§ Data
+---+

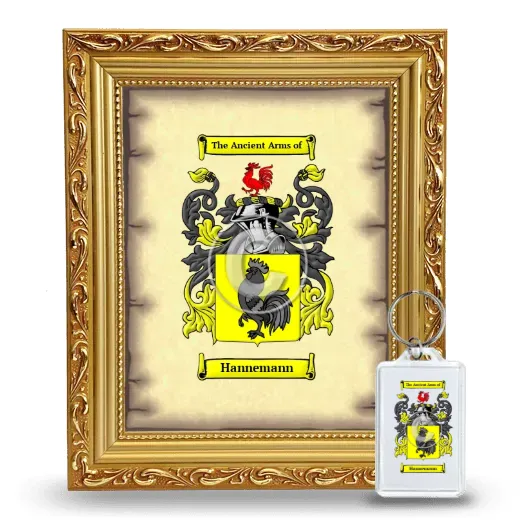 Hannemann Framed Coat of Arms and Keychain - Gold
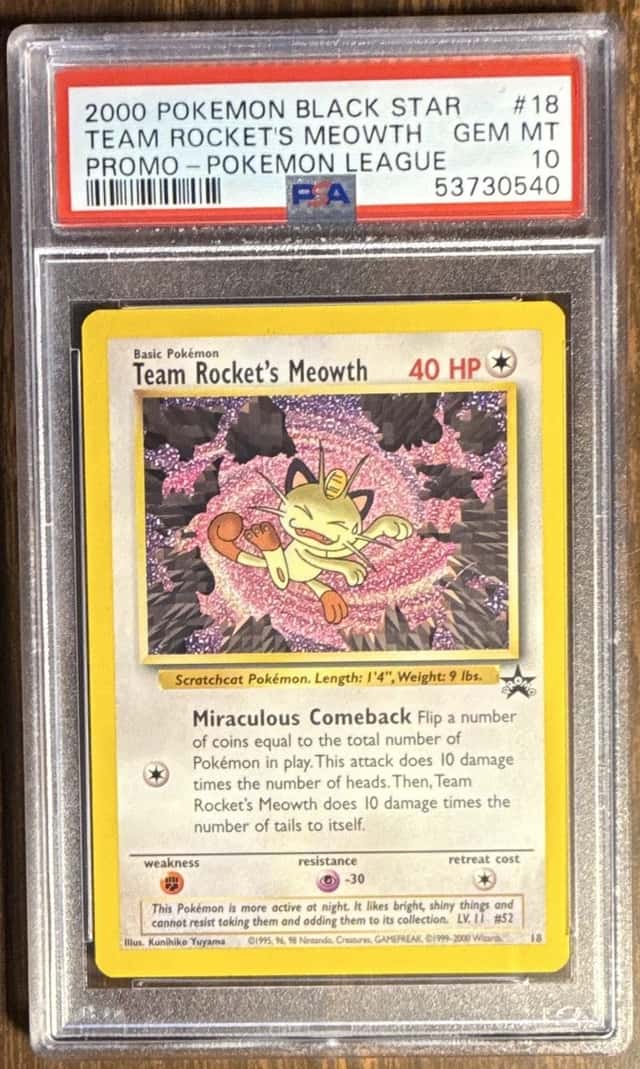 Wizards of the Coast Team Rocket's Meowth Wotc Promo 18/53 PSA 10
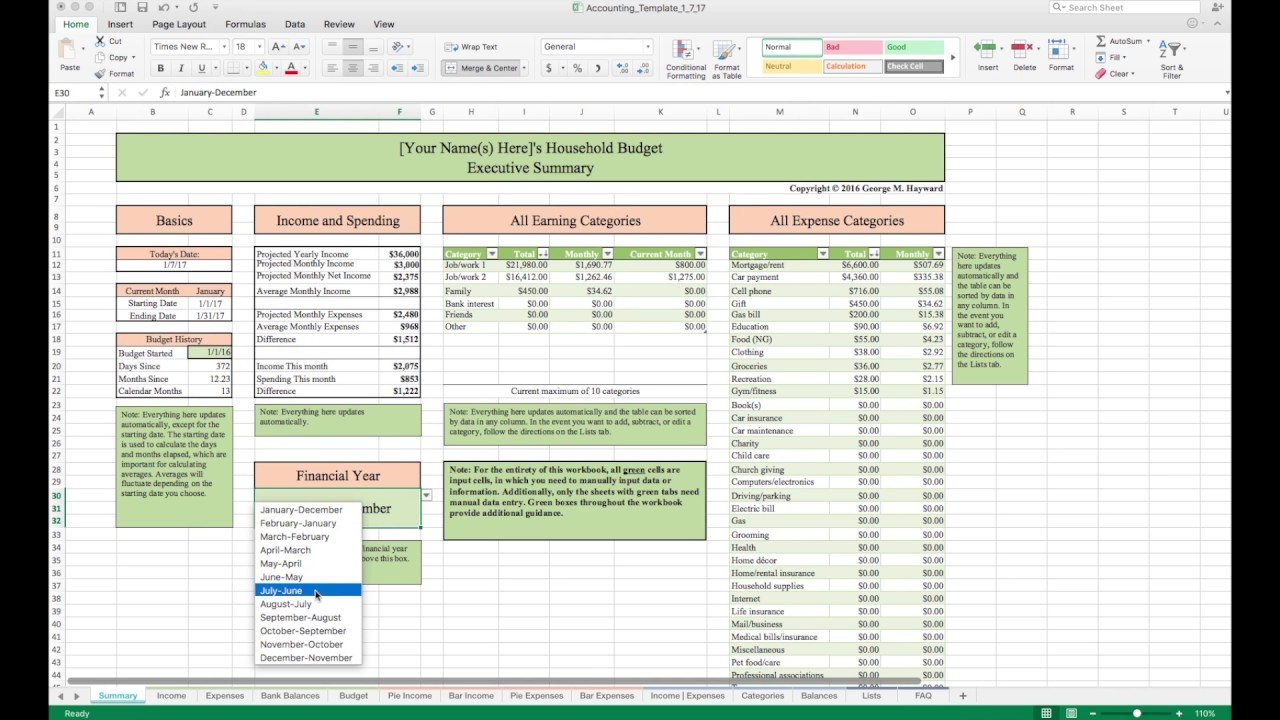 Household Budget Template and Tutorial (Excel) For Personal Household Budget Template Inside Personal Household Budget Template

+---+

§ Work required
Would you repeat the complete listing exactly, excluding each picture it holds?

§ Written solution
 Hannemann Framed Coat of Arms and Keychain - Gold
 Wizards of the Coast Team Rocket's Meowth Wotc Promo 18/53 PSA 10
 Household Budget Template and Tutorial (Excel) For Personal Household Budget Template Inside Personal Household Budget Template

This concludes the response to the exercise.